= Dataset section =

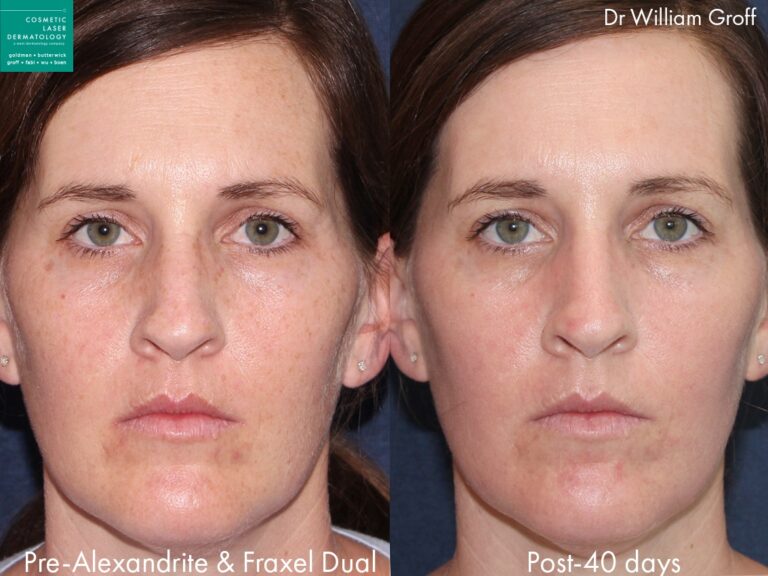 Fraxel Dual and Alexandrite lasers used to treat brown spots and rejuvenate the skin by Dr. Groff. After treatment, brown spots are visibly reduced.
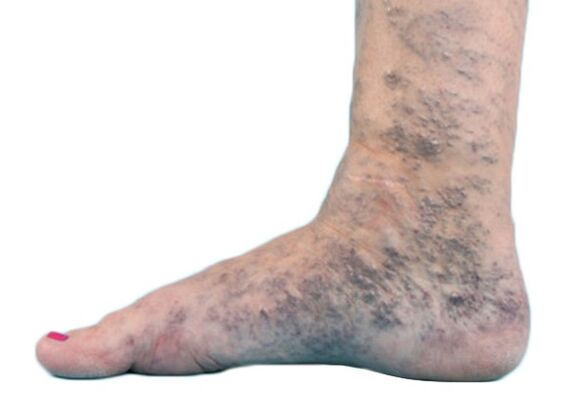 Varikoos vénák a lábakon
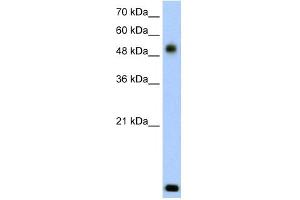 WB Suggested Anti-RSAD2 Antibody Titration:  2. (RSAD2 Antikörper  (N-Term))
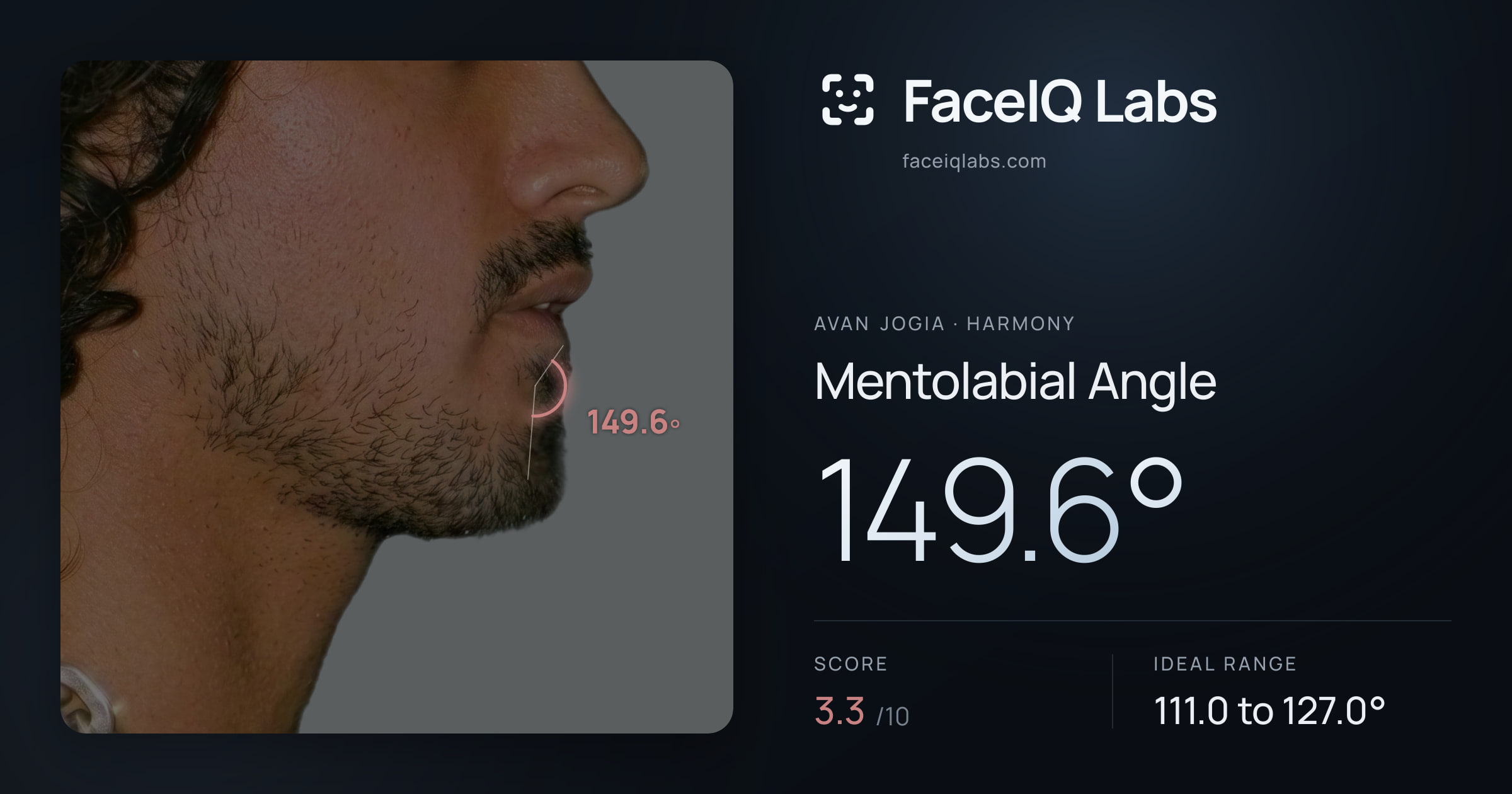 Avan Jogia Mentolabial Angle: 149.6°, drawn on the photo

= Work item =
Leave out the pictures and give the rest of the material again, unaltered.

= Result below =
 Fraxel Dual and Alexandrite lasers used to treat brown spots and rejuvenate the skin by Dr. Groff. After treatment, brown spots are visibly reduced.
 Varikoos vénák a lábakon
 WB Suggested Anti-RSAD2 Antibody Titration:  2. (RSAD2 Antikörper  (N-Term))
 Avan Jogia Mentolabial Angle: 149.6°, drawn on the photo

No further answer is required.